It's most likely that a trademark under the name "Open Source Media" wouldn't hold water in the first place, considering that it's descriptive, and you can't trademark descriptive terminology such as "Olive Oil" or "Hot Pizza" because that would cause chaos in a free marketplace ("I own the trademark on Olive Oil, so you must cease using the words 'Olive Oil' on your product's label" -- "But I sell Olive Oil" -- "I'll see you in court!"). Nevertheless, "Open Source" has been trademarked by an existing media company, so for OSM to mutter that "Well, we added a word to our trademark, so there's no conflict" is nonsense. They're both media companies, and the new Open Source Media (er, sorry -- OSMtm) creates confusion in the media marketplace, thereby completely and utterly diluting the value of the real Open Source Media's trademark.

And I find it extremely disingenuous for the new Open Sou . . . agh! I find it extremely disingenuous for OSMtm to claim that their trademark is on OSM, and so has nothing to do with Open Source, media or otherwise, even though "Open Source Media" is printed directly beneath their title as an apparent explanation for what OSMtm stands for.

Now, it may come to pass that the trademark office declares that trademarks under the "Open Source" banner may be invalid, as the term "Open Source" is, to my mind (and possibly to theirs if the case is argued correctly), completely descriptive, which is what OSMtm is saying, and this would make any trademark infringement argument obsolete -- but only after a lot of expensive legal wrangling. But my question regarding that point is, can you trademark the initials for a descriptive term? Especially when you're printing the descriptive term beneath the initials as an explanation for what your trademark stands for? Because this is what OSMtm's argument essentially boils down to, and I have a feeling they might be full of crap (sorry, Laurence -- didn't mean to dilute your mark).
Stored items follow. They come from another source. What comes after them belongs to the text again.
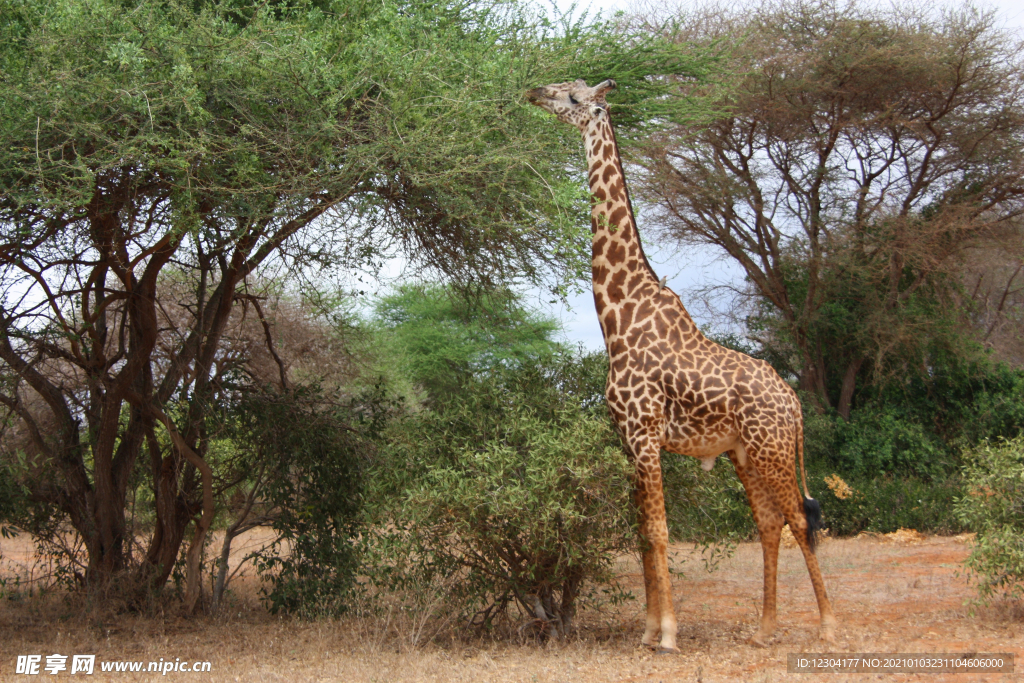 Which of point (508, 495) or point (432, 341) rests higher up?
point (432, 341)

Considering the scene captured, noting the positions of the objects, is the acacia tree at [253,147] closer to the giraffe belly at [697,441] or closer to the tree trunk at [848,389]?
the giraffe belly at [697,441]

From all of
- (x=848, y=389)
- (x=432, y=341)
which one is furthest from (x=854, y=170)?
(x=432, y=341)

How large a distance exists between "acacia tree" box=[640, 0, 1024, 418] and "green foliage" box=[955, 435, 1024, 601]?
8.33 metres

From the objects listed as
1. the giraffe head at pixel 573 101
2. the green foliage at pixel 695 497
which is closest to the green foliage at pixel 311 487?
the green foliage at pixel 695 497

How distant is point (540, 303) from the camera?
26.2 feet

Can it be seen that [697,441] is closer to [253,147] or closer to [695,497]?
[695,497]

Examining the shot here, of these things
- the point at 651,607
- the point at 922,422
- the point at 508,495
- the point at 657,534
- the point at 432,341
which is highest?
the point at 432,341

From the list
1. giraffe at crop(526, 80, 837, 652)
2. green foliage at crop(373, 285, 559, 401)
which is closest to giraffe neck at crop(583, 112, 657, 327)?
giraffe at crop(526, 80, 837, 652)

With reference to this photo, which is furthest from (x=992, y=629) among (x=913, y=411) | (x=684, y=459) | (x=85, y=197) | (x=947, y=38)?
(x=947, y=38)

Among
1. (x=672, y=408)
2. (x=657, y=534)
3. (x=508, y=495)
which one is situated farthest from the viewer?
(x=672, y=408)

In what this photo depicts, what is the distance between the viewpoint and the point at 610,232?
6.82 metres

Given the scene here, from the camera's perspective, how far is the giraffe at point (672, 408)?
630 cm

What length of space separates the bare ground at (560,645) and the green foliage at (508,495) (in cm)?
43

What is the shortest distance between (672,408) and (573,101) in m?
2.61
Attorney blogger Venkat posts over at Begging to Differ: 1. Trade names, corporate names are largely irrelevant. The critical issue in this context is priority (who used the mark first) and likelihood of consumer confusion (whether there is a likelihood consumers will be confused). Pretty darn likely in this case. 2. OSM considers "Open Source Media to be a description of what [they] are and do . . . ." That in itself may be enough to kill your trademark application. NOT the sort of the thing you want to say if you are trying to trademark either "OSM" or "Open Source Media." 3. "[Lydon's] URL is RADIOopensource, and he’s given up opensourcemedia.net." The domain name is completely [correction: largely] irrelevant from a trademark perspective.

My sentiments, exactly.

OSMtm's invocation of a URL for a defense means diddley-squat. I can have a trademarked name and not own the URL of that trademarked name, but it doesn't make my trademark any less valid (and since I own the trademark, I could probably sue to get the URL taken away from the person who does own the URL of my trademarked name -- just ask Coca Cola, who during the heady days of cybersquatting sued everyone in the world who bought up all the variants of the Coca Cola URLs since they owned worldwide trademark privileges, though it depends on which came first, the ownership of the URL or the trademark), just as owning a URL to a name doesn't automatically grant someone special trademark privileges over another ("What? You have a trademark? Well, I have the URL, so there!").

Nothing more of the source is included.